**Exercise brief:**
Go through the listing below and write out exactly the lines from the one that mentions "89, SAPGATE LANE, THORNTON, BRADFORD, BD13" through the one that mentions "Peacock Pride –", minus the pictures.

**Input material:**
******

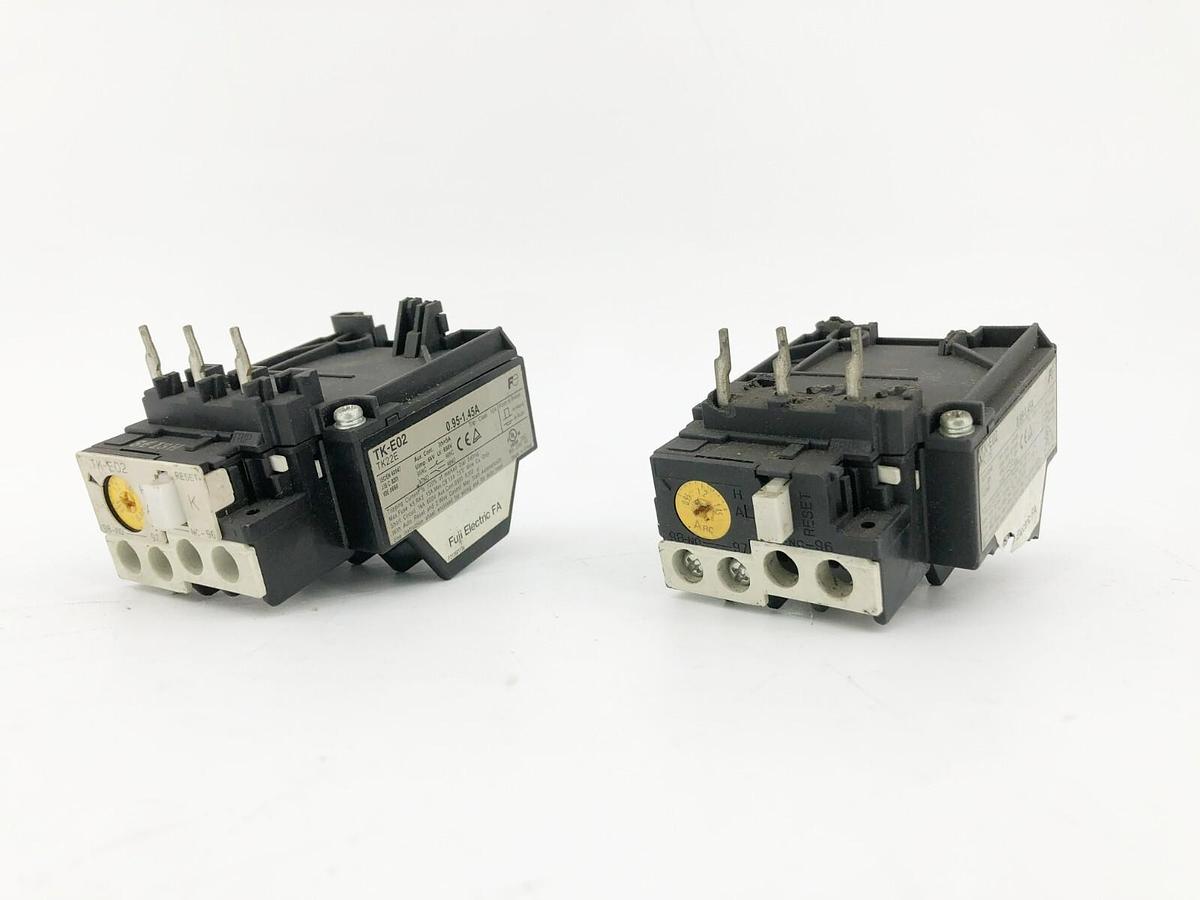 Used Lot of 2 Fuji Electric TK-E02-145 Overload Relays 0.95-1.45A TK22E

******

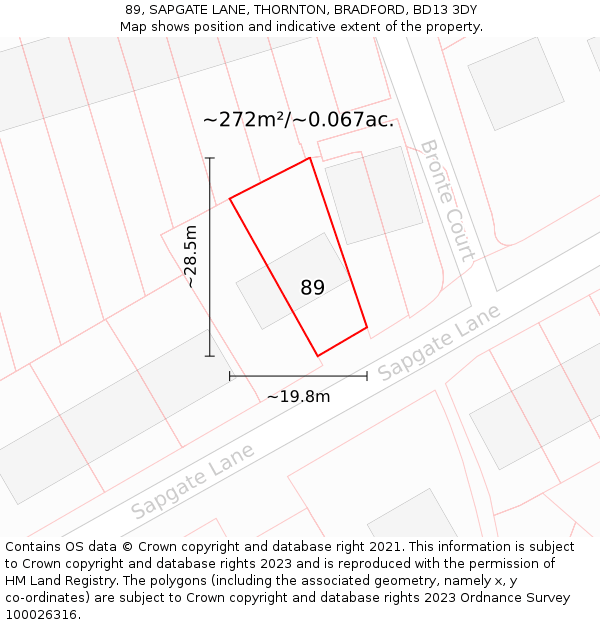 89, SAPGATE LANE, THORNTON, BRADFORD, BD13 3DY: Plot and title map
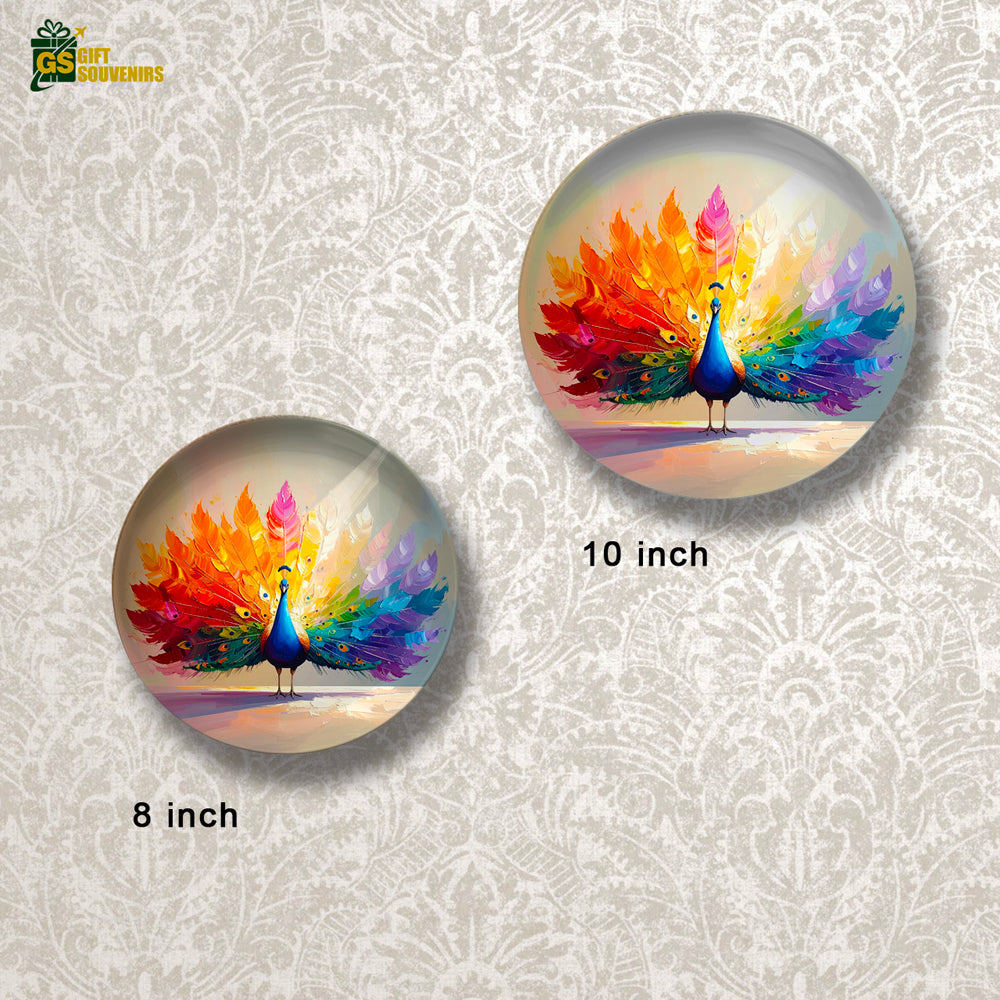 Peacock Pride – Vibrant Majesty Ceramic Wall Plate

******

**Answer area:**
 89, SAPGATE LANE, THORNTON, BRADFORD, BD13 3DY: Plot and title map
 Peacock Pride – Vibrant Majesty Ceramic Wall Plate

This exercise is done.